Our protagonist unusually narrates his own story. The dead man bequeaths him, let us say, a lot of money & pills. He asks you & me what we would do. Well, let us see what he does. He starts working out; dressing better; learning the piano, we know not why; & putting mathematics to good use in gambling. He also learns languages, apparently to seduce women who seem easily seduced. Perhaps there was a relation between his lack of achievements & his sense of his worthlessness. Certainly, there is a relation between his newfangled achievements & his great sense of his own worth. Perhaps one pill a day keeps the black dog away.

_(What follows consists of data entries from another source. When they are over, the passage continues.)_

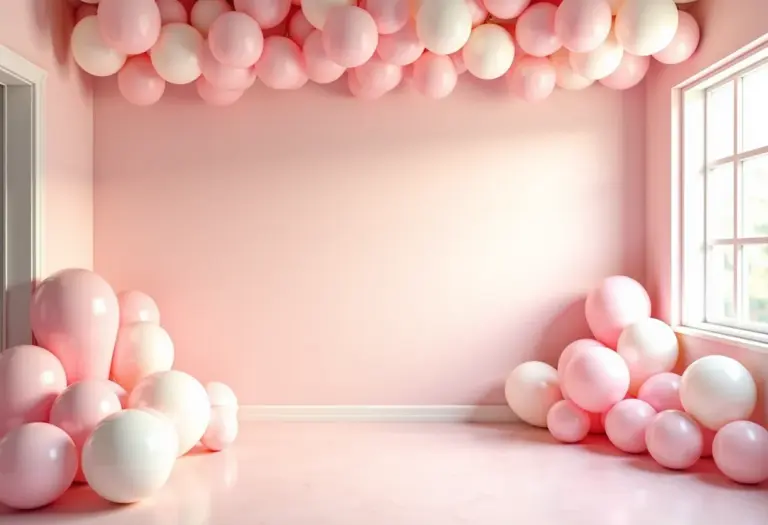 Visão geral de um chá de bebê decorado com balões e cores pastel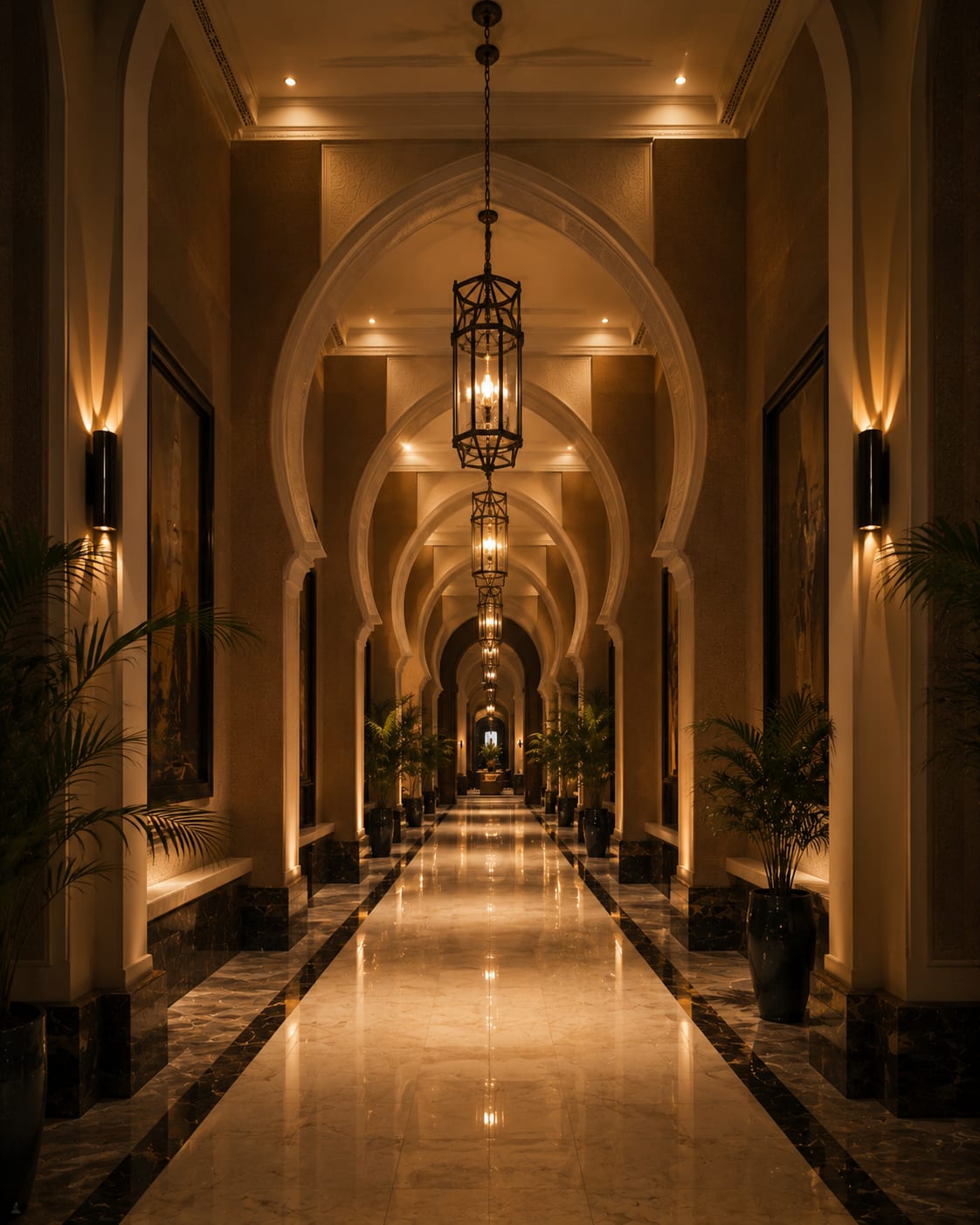 Golden Passage - Image & Concept Art example created with ChatGPT in the Architecture category
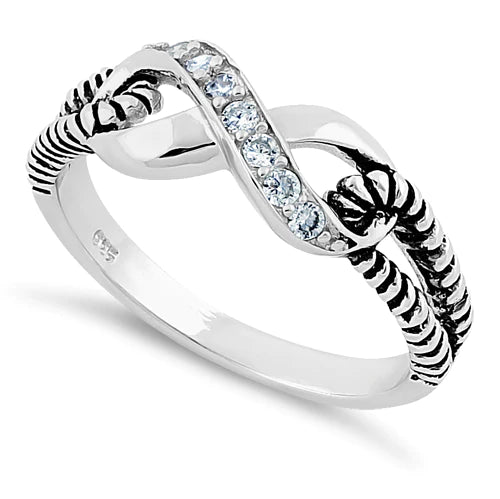 ANILLO EN PLATA CON INFINITO CON DISEÑO ENVEJECIDO Y MICROCIRCONES APCH21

Like the modern executive power, our protagonist is energetic. He acquires power without purpose. But power was not an end in itself for our protagonist: he was poor & self-loathing, but safe. Power was a means: his pitiful attempts to answer the question: what is the good life? Wealth & health come first. But luxury & pleasure are not far behind. But at last come politics & capitalism. In the end, this man seeks elective office. Being science embodied, he predicts the future: his victory is inevitable. Science is power – & this is revealed to be the path to tyranny. Our protagonist kills without second thoughts; to say he does it in self-defense is merely to say that his power to predict the future is not what he thinks it is. Speeches cannot fully replace deeds. He wishes to make himself into a god. What will happen to those who deny him?